I have tried and failed to find an answer to this is Meta or the help topics. If someone can point me to something I missed, I will happily close this question. I've taken a look at the help page on deleted answers, the community-curated FAQ concerning the same, and the help page on flags.
There is a clear and easy method for flagging questions as duplicates. There is not, however, a clear method for marking answers as duplicates that may need deletion. As an example, this answer has exactly the same solution as the accepted answer. It was posted about 15 hours after the accepted answer.
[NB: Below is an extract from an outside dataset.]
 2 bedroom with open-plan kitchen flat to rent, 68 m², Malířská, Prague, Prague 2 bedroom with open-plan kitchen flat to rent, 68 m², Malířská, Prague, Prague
I commented and downvoted.
Is the downvote sufficient because it'll push it towards a review queue or should I be specifically flagging it as well?
Geobits pointed out a similar question on $\mathrm{Meta}^2$ (How to flag duplicate answers?) and it answers how to flag but not should we flag.
After further investigating on Meta.SE, I have found the following relevant posts:
Flag Answer, duplicate
How should one respond to "duplicate answer" flags?
Duplicate Answer Flag
option in "flag" popup for "duplicate answer"
I have come to the following conclusions:
- The problem of duplicate answers is more prominent on Puzzling because a valid answer may be extremely short
- ... and because we may have a high rate of new users that saw a puzzle posted on Facebook (or Friendster, MySpace, LiveJournal, etc.) and don't understand the community guidelines
- ... and because most answers are in spoilers so it's quite possible that users are required to be a bit more studious to avoid posting duplicates
- There appears to be a system-generated flag for duplicate answers and a review queue is available to moderators (Could a mod confirm this?)
- Sending duplicate answers to moderators would increase their workload without adding much value for the site
My tentative decision is to downvote and comment on such answers. If they improve and I am alerted to that (I.E., if they reply to my comment), then I'll remove the downvote and potentially upvote if they can really contribute.
Does anyone have some insights that I missed?